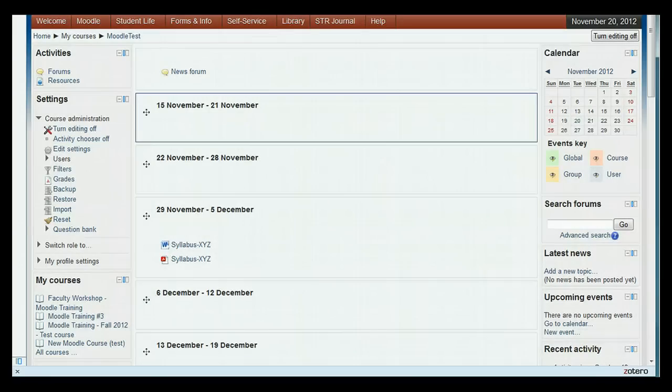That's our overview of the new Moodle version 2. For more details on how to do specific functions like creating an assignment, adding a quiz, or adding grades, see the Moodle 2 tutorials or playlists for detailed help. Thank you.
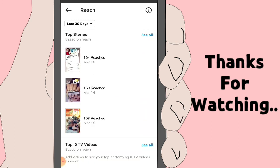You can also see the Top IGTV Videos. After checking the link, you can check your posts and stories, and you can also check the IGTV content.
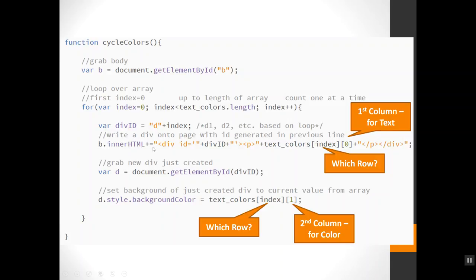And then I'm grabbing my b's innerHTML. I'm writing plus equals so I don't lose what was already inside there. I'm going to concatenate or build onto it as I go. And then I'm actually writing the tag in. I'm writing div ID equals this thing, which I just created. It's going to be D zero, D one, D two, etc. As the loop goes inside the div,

◆ ◆ ◆ ◆ ◆

_Task details_: Pictures stay out; the data above is to be returned exactly.

_Expected answer_:
That's our overview of the new Moodle version 2. For more details on how to do specific functions like creating an assignment, adding a quiz, or adding grades, see the Moodle 2 tutorials or playlists for detailed help. Thank you.
You can also see the Top IGTV Videos. After checking the link, you can check your posts and stories, and you can also check the IGTV content.
And then I'm grabbing my b's innerHTML. I'm writing plus equals so I don't lose what was already inside there. I'm going to concatenate or build onto it as I go. And then I'm actually writing the tag in. I'm writing div ID equals this thing, which I just created. It's going to be D zero, D one, D two, etc. As the loop goes inside the div,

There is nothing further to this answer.